Pandas: Find and Filter Values in a DataFrame Column
Updated on
You have a DataFrame with 500,000 rows of sales records, and you need to find every transaction from a specific customer, above a certain dollar amount, in a particular region. Writing a for-loop would take minutes. Using the wrong pandas method could still be painfully slow or return the wrong subset of data entirely.
The problem compounds when filtering conditions get complex. Multiple columns, regex patterns on text fields, missing values scattered across the dataset, and combinations of AND/OR logic all make the task harder.
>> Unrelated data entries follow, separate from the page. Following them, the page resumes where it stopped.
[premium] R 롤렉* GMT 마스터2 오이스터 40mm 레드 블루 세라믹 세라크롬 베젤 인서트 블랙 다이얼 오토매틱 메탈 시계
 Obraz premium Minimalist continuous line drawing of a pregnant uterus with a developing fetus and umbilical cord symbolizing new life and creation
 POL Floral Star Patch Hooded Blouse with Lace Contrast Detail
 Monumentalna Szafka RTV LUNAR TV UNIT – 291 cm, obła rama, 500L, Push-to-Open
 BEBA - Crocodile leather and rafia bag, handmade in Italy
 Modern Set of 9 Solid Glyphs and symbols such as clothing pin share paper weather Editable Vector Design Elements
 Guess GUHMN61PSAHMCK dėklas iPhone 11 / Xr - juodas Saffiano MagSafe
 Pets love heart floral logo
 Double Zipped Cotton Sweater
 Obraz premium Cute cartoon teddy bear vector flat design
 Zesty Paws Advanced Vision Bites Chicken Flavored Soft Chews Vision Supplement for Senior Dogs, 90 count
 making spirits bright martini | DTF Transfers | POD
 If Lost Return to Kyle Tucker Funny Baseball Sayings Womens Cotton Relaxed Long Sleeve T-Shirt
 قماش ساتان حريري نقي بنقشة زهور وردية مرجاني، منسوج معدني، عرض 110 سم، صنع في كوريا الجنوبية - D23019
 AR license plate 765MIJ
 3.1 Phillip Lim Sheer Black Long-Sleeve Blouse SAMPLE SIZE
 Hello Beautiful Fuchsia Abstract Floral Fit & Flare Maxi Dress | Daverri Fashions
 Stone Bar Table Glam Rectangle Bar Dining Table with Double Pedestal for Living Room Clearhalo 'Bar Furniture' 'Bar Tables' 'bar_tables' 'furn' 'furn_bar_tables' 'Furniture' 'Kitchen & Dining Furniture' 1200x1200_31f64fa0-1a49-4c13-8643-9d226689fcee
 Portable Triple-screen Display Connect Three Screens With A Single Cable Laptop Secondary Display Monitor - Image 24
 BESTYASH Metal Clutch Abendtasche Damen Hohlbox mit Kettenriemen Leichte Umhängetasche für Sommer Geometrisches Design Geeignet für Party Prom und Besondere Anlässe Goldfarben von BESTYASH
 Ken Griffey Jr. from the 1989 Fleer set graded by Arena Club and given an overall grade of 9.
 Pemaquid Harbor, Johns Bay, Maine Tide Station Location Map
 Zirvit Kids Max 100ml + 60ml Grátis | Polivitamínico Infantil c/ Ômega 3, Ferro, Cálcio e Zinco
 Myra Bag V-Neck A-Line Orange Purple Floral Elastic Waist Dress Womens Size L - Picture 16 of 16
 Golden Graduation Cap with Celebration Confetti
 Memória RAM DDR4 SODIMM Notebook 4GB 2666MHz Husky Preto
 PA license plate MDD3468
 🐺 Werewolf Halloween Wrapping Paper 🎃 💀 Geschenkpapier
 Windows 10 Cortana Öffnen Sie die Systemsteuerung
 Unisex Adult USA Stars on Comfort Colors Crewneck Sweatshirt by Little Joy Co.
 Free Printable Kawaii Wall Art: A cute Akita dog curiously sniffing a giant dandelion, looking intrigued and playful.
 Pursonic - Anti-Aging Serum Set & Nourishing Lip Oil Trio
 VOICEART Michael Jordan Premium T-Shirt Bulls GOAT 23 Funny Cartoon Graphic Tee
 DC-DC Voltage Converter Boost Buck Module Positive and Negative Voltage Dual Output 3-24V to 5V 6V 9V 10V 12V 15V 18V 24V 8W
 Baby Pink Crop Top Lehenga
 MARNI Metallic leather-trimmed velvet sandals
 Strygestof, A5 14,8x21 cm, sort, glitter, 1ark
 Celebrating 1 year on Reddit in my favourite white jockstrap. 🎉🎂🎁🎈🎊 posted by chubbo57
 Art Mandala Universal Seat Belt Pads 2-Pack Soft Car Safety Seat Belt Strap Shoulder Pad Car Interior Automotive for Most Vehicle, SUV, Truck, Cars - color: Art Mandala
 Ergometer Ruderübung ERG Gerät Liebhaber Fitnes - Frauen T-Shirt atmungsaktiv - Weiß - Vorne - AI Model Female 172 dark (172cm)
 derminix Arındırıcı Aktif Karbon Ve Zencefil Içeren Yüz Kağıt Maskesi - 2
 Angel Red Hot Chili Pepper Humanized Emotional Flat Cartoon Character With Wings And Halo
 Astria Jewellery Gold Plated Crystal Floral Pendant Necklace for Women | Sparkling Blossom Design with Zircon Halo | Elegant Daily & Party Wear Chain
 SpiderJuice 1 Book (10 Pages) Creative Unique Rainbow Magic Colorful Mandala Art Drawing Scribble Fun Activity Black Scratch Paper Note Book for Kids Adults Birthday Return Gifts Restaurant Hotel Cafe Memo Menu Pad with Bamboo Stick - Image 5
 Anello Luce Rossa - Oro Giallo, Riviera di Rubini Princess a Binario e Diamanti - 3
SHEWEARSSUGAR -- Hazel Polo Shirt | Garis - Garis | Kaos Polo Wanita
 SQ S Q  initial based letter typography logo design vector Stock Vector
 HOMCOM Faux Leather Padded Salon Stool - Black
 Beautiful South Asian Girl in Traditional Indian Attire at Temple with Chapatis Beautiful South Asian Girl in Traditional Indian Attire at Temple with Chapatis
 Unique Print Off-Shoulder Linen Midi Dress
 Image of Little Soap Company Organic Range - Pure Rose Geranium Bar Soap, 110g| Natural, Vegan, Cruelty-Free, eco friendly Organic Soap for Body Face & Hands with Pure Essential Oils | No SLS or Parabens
A single misplaced parenthesis or a forgotten na=False flag can silently drop rows or raise cryptic errors.
Pandas provides a rich toolkit for searching and filtering DataFrame columns -- boolean indexing, query(), isin(), str.contains(), where(), loc[], and filter(). This guide covers each method with real-world examples, a comparison table, and performance benchmarks so you know exactly which approach to use and when.
Setup: Sample DataFrame
All examples in this guide use the following sample dataset. Copy this block to follow along:
import pandas as pd
import numpy as np
data = {
'order_id': [1001, 1002, 1003, 1004, 1005, 1006, 1007, 1008],
'customer': ['Alice', 'Bob', 'Alice', 'Charlie', 'Bob', 'Diana', np.nan, 'Alice'],
'product': ['Laptop', 'Phone', 'Tablet', 'Laptop', 'Headphones', 'Phone', 'Laptop', 'Monitor'],
'amount': [1200.00, 799.99, 450.00, 1350.50, 59.99, 899.00, 1100.00, 320.00],
'region': ['East', 'West', 'East', 'North', 'West', 'South', 'East', 'North'],
'status': ['completed', 'completed', 'pending', 'completed', 'returned', 'pending', 'completed', 'completed']
}
df = pd.DataFrame(data)
print(df)Output:
order_id customer product amount region status
0 1001 Alice Laptop 1200.00 East completed
1 1002 Bob Phone 799.99 West completed
2 1003 Alice Tablet 450.00 East pending
3 1004 Charlie Laptop 1350.50 North completed
4 1005 Bob Headphones 59.99 West returned
5 1006 Diana Phone 899.00 South pending
6 1007 NaN Laptop 1100.00 East completed
7 1008 Alice Monitor 320.00 North completedBoolean Indexing: Filter by Column Value
Boolean indexing is the most common way to filter a pandas DataFrame. You pass a condition inside square brackets, and pandas returns only the rows where that condition is True.
Exact Match
# Find all orders from Alice
alice_orders = df[df['customer'] == 'Alice']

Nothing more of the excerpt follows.